Ovviamente si potrebbe disquisire sul meccanismo che prevede la restrizione
di un diritto fondamentale quale quello dello sciopero fino a farlo sembrare
un simulacro, l'ombra di un diritto.
Ma non è questa la finalità di queste note di commento.
La questione centrale che va posta all'attenzione dei lavoratori e dei
compagni è la progressiva dilatazione degli elementi di coercizione
contrapposta all'esercizio degli spazi di democrazia borghese. La progressiva
liquidazione dell'agibilità politica e il sovvertimento delle regole
del diritto stesso; entrano in gioco fattori di capovolgimento dell'ordine
di percezione di rapporti sociali tra classi. Ad esempio l'azione dello
sciopero viene proiettata (non solo teoricamente) nell'immaginario collettivo
e nel sentire comune quale pregiudizio irreparabile ai "diritti di
mobilità", di lavorare, una lesione permanente dei diritti
sociali, tutto ciò quando è vero il contrario; non si prende
in considerazione la realtà vertenziale che genera conflitto tra
lavoratori e padroni, si prescinde dall'emergenza dei fattori sotto gli
occhi di tutti: riduzione degli occupati, ristrutturazione selvaggia,
vendita dei settori pregiati del patrimonio pubblico ai privati, vertenze
di contrattazione sindacale.
Nulla deve risultare se non la lesione del diritto dei cittadini e la
riprovazione verso "certe forme di lotta" (sic). Chiaramente
si maschera la sproporzione esistente tra gli effetti e le cause di uno
sciopero corporativo pur nel settore della mobilità) come quello
dei gestori della distribuzione del carburante, o degli autotrasportatori
in proprio o addirittura degli avvocati o dei giornalisti, rispetto a
quello del settore aeroportuale, autoferro o delle ferrovie.

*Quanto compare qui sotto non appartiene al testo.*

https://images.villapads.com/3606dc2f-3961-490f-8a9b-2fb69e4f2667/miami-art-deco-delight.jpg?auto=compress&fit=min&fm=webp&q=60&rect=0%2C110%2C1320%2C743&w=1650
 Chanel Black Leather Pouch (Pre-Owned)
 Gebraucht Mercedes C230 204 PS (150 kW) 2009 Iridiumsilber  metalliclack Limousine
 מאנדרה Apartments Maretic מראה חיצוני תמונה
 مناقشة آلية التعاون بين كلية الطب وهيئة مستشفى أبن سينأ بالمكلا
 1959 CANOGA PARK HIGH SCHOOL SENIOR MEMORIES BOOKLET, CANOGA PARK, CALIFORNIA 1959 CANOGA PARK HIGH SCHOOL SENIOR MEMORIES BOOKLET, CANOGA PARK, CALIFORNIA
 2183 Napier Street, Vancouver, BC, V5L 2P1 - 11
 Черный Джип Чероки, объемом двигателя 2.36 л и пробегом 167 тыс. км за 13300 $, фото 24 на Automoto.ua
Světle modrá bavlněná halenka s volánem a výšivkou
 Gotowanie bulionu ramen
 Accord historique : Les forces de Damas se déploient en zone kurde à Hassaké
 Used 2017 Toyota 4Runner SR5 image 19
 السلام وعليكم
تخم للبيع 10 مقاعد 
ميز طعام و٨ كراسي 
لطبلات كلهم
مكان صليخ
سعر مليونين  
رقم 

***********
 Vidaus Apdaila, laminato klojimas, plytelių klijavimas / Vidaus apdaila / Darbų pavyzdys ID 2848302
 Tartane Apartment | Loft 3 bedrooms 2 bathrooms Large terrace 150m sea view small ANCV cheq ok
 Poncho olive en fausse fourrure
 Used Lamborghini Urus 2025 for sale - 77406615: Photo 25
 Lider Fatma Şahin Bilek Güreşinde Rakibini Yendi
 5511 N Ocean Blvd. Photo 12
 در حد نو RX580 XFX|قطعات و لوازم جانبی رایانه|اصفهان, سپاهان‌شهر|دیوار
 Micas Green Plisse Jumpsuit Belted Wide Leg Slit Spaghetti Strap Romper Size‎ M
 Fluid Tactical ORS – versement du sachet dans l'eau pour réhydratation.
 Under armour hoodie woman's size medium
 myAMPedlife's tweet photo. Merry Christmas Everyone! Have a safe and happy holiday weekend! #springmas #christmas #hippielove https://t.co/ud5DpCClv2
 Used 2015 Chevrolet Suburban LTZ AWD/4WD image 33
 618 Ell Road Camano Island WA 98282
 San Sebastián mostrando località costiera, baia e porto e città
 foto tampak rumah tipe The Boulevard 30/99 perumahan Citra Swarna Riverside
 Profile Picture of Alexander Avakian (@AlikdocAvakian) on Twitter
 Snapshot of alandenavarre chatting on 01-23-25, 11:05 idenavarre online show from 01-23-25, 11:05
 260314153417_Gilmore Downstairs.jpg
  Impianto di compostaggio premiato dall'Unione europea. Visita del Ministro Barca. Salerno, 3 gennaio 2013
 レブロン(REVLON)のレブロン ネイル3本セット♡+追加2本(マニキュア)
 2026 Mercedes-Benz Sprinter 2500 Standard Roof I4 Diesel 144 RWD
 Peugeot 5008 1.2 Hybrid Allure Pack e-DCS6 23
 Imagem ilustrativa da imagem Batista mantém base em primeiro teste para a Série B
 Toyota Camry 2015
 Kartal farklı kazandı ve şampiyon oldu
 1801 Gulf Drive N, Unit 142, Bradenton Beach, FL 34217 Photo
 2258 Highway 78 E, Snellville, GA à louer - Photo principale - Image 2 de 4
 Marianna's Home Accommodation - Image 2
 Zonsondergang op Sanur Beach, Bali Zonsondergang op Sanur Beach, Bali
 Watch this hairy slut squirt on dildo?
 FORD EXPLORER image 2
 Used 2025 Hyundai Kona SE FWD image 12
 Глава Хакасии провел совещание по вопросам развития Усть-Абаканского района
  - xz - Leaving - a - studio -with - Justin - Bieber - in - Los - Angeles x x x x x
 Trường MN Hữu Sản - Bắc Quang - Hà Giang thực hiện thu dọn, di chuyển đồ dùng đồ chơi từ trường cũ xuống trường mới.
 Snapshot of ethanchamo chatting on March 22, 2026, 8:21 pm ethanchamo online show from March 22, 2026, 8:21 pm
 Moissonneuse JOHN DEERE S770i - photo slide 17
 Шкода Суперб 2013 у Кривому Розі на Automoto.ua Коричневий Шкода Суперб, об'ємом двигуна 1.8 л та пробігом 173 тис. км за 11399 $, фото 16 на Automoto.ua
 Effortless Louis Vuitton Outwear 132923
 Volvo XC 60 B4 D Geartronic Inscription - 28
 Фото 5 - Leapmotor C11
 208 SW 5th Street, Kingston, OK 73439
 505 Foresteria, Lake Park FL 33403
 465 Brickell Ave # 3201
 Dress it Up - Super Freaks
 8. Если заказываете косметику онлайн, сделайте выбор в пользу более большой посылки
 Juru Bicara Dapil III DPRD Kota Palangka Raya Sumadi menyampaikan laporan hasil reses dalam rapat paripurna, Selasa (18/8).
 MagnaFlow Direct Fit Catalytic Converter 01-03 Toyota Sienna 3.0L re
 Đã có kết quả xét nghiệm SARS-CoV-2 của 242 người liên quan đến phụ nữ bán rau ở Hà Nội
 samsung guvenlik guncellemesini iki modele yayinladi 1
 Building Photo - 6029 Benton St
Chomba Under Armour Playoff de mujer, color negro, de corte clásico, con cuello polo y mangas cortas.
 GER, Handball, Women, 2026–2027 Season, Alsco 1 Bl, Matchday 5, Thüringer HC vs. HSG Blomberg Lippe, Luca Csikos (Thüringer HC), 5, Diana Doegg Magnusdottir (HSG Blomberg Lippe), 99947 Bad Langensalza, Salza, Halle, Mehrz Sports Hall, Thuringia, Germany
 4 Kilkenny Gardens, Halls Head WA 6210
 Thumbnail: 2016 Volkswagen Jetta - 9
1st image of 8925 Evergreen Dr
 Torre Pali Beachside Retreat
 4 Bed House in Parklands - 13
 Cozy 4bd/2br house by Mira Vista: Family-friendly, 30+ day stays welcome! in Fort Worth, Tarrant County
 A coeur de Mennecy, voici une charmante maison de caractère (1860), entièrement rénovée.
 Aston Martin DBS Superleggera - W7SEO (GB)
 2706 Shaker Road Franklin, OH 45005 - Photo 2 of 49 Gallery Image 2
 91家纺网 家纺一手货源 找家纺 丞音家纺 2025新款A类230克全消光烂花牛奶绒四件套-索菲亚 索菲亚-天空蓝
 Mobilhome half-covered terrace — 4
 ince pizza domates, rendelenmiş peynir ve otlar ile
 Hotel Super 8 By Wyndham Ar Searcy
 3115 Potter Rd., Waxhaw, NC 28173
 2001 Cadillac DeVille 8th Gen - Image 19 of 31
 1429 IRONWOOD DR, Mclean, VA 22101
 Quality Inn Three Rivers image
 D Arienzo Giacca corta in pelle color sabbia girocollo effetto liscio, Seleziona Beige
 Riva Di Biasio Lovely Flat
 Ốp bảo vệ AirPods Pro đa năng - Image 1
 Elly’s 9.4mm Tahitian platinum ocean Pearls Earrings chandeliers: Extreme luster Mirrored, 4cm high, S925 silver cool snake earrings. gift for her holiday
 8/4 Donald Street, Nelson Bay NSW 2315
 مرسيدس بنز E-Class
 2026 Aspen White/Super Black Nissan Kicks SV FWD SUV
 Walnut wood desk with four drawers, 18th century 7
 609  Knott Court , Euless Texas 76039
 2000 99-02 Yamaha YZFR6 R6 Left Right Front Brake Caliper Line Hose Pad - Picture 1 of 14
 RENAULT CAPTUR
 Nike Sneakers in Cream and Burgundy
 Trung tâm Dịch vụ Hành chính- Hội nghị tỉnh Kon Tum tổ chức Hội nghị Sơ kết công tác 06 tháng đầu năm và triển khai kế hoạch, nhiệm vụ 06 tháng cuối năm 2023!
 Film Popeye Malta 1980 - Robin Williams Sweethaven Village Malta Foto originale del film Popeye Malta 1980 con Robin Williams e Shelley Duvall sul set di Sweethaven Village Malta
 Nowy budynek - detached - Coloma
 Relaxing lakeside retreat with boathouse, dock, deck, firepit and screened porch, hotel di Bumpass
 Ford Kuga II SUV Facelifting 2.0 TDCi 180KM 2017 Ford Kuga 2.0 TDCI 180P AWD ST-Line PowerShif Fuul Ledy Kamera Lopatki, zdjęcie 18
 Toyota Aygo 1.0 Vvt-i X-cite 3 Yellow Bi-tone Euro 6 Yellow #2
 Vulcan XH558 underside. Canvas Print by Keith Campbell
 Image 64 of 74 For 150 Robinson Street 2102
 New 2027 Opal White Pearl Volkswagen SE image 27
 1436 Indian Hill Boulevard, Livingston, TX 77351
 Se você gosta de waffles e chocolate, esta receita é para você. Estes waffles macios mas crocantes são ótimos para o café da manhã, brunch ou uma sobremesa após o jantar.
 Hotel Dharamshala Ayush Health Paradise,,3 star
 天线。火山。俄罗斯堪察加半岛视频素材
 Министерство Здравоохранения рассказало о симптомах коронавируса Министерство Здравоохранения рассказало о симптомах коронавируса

E proprio attorno ai trasporti va impostata l'attenzione critica e va
sviluppata la capacità di resistenza e di rilancio dell'antagonismo.
Se abbiamo assistito al valzer grottesco dell'informazione e degli intellettuali
intorno alla lotta degli operai della Goodyear di Cisterna (LT) è
per manipolare il messaggio che ciascuna lotta comunica e renderlo all'inverso
percepibile come " de profundis della lotta di classe"; tutto
in funzione dell'imput disinformativo: "E' finita la lotta di classe
e gli operai sono in estinzione". Un messaggio ossessivo che va oltre
la stessa urgenza del controllo sociale tocca i gangli della percezione
collettiva. E quindi nella marcia a tappe forzate verso la globalizzazione
e la immersione in apnea nella new economy non c'è spazio per una
riflessione ponderata sulle ragioni della prolungata stagione di sciopero
nei trasporti.
Non è lecito porsi la domanda del perché dal 1996 ad oggi
il settore che più resiste alla ristrutturazione e alla privatizzazione
è quello dei trasporti, viene spontaneo chiedersi come mai nei
settori trainanti nelle lotte come i chimici e i metalmeccanici, hanno
visto i propri comparti produttivi, le fabbriche e il modo di produzione
radicalmente modificato, la stessa proprietà di stabilimenti e
interi settori passare per mani diverse e non c'è stata la reazione
di lotta, di risposta che si attendeva. Perché dunque la resistenza
si è in parte attestata proprio su questo fronte di lotta? Forse
perché essendo la mobilità collettiva un settore strategico
è più facile il ricatto trasversale dello sciopero o del
tutto contro tutti?
E allora perché la sanità e la scuola non rappresentano
altrettanto efficacemente questa linea di demarcazione tra lotta e pacificazione?
Si può presumere che sia più avanzata la coscienza del lavoratore
per sé all'interno del settore dei trasporti?
Ma perché allora coesistono punte di resistenza delle categorie
dei ferrovieri con spinte corporative che rimandano ad una dinamica di
mestiere e di aristocrazia operaia?
Allora la risposta è nella natura stessa dell'attacco a tutto campo
che mira alla disarticolazione dell'unità contrattuale del settore
di trasporti.
Laddove la parte più asservita della stessa CGIL, quella cosiddetta
"componente" di sinistra agitava proposte di contratti collettivi
di comparto anziché di categoria. Proprio lì era più
profondo il colpo di maglio delle privatizzazioni, del frazionamento e
della divisione in settori e società diverse e concorrenti. La
risposta di lotta è stato un percorso obbligato che ha sancito
la linea di non ritorno del settore lavoratori del trasporto.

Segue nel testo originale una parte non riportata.